CS456 - Systems Programming


Exercise #4

Convert the bitcount.c file to X86_64 assembly code. To do this I recommend copying the bitcount.c file as bitcount.s and begin converting the code line by line.

  • It is not recommended that you use the syscall registers: rax, rdi, rsi, rdx, r10, r8 or r9 (or r11) for your main program except for system calls, use rbx or r12-r15. Preferably use memory for variable storage.

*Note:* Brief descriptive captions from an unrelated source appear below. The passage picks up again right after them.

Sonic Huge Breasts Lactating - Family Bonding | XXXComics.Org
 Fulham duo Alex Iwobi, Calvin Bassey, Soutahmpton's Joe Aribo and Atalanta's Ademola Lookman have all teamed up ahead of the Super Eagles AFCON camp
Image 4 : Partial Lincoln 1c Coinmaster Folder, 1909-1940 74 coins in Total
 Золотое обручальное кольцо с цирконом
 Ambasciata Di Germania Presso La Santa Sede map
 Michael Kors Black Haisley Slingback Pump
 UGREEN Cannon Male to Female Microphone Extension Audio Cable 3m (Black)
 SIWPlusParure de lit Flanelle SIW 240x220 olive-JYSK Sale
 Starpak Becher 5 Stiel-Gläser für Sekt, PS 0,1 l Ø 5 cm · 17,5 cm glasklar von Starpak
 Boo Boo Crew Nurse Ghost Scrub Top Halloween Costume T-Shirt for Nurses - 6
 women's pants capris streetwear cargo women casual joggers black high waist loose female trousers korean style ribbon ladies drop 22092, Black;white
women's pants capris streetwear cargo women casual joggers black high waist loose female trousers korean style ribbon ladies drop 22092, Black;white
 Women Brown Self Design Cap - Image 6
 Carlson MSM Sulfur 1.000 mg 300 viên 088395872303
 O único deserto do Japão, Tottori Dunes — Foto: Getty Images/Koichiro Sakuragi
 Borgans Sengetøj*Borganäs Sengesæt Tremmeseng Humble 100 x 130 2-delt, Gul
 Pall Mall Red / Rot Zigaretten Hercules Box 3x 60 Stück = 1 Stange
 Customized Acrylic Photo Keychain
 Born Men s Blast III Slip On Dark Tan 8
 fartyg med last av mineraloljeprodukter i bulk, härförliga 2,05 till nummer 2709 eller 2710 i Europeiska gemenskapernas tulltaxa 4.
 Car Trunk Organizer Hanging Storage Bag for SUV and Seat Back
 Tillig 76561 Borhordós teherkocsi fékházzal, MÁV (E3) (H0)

  • The "command line parameters" to your assembly program are placed on the stack for you by the kernel. They are located immediately before where the stack register (rsp) points to. The first parameter is "argc", the value of which would be at [rsp]. argv is then "above" that location, each pointer is 8 bytes, thus argv[0] is at [rsp+8], argv[1] at [rsp+16], etc. If the value at [rsp+n*8] == 0, then you are at the end of the arguments list.

    To access the first character of argv[1], placing it in r15 would then require:

  mov r14, [rsp+16]     ; loads address of argv[1] into r14. Remember that
                        ; argv[1] is a pointer (i.e. an address) to the
                        ; string, it must still be de-referenced.
  mov r15, BYTE [r14]   ; Move the byte at the address in r14 into r15.

The file argv.s contain example code for accessing the arguments (and environment) in assembly and the file lib.s contains a number of assembly routines that argv.s uses and that you may find useful for completing this exercise.